John Carter: Movie Review

"Everyone thinks their cause is virtuous”

A little known hero

There are few people outside of a science fiction convention who would know the name Edgar Rice Burroughs. Yet fewer still would fail to recognize his most famous creation: Tarzan, Lord of the Jungle. Burroughs was an artistic genius who penned more than eighty novels, and Disney is banking on his creativity to turn another of his characters into a household name with the release of its interplanetary epic, John Carter.

Taylor Kitsch from the hit TV series Friday Night Lights hangs up his football boots to take on the character of a Virginian civil war veteran in the latter half of the 19th century. John Carter has lost his wife and children in a fire and is hunting for gold to fill the void. The United States Army attempts to enlist his military expertise against Indian incursions in Arizona but the confederate officer has lost his taste for fighting. “Whatever you think I owe you or your country I have paid in full,” he tells Colonel Powell (Bryan Cranston) as he fingers his wedding ring, “You are a war species and I want nothing to do with you.”

However Powell’s persistence pushes Carter to flee into the desert, where he stumbles upon a golden cave covered in alien runes.

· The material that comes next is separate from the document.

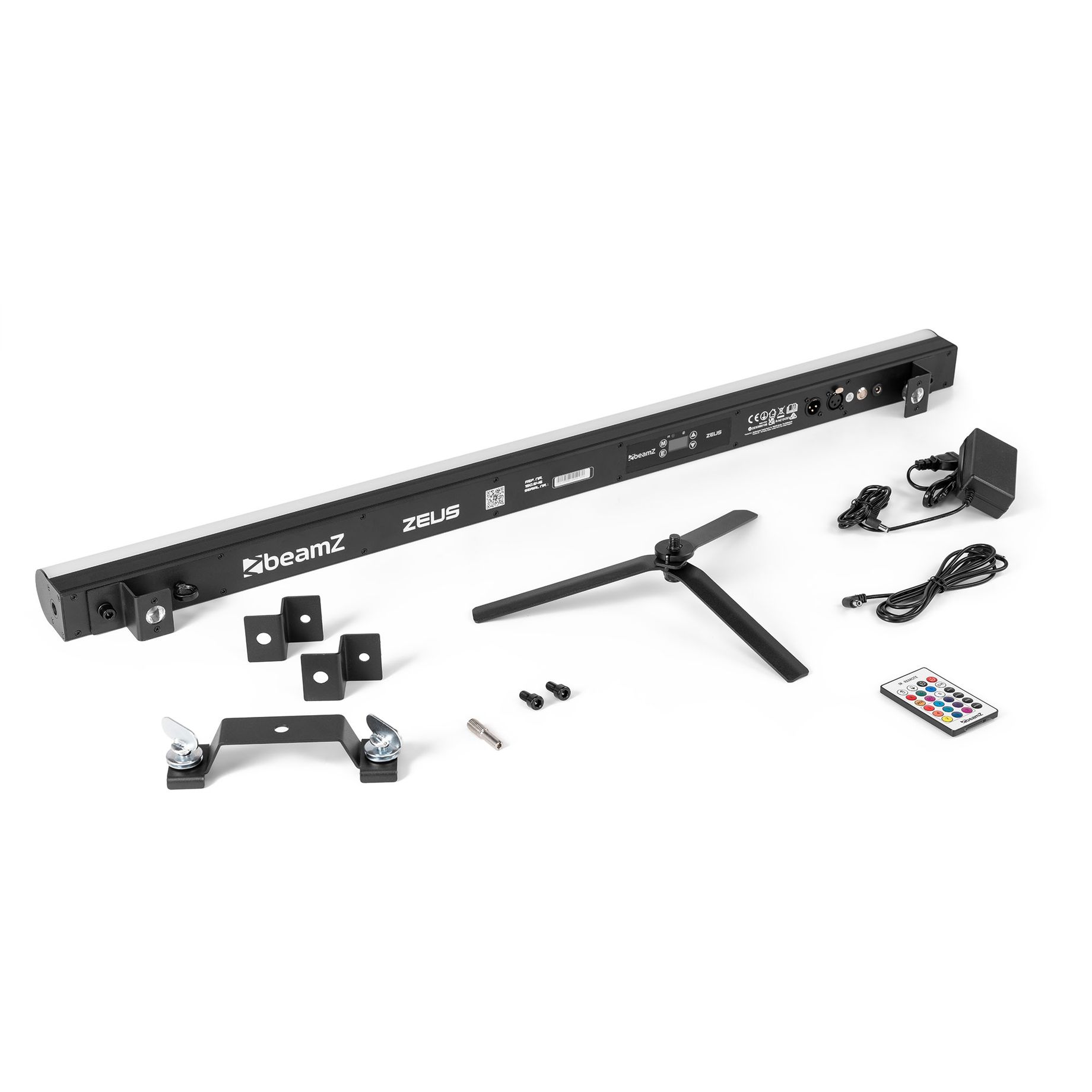 Zeus Battery Tube Bar RGBW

In a flash his mind and body are ‘telegraphed’ to Mars, locally known as Barsoom, where Carter discovers an entire world at war. At first he simply struggles to get back to his own planet, but his introduction to the brave four-armed Tharks and the ‘red Martians’ of Helium inspire his loyalty. When Carter discovers the entire conflict is being orchestrated by an advanced race who ‘manage’ the destruction of planets, he re-evaluates his stance on war and initiates a campaign to set Mars free.

John Carter

A film who's time has come

Sound like an epic? John Carter deserves the epithet in every respect. It’s based on the 1912 novel The Princess of Mars, the first in Burroughs’ thirteen-book Barsoom cycle, and Disney has designs on using it to launch a whole film franchise. Willem Dafoe, who plays Carter’s four-armed friend has revealed he’s already signed for the sequels, along with other key cast members. John Carter also deserves the title for the epic amount of time it’s spent in pre-production. Various companies have held the film rights for 79 years before cameras finally started rolling in 2010. Disney enlisted Pixar genius Andrew Stanton (Finding Nemo, Wall-E, Toy Story 3) to write and direct, and expended a rumoured $250 million on the production. The end result is as gorgeous as it is original.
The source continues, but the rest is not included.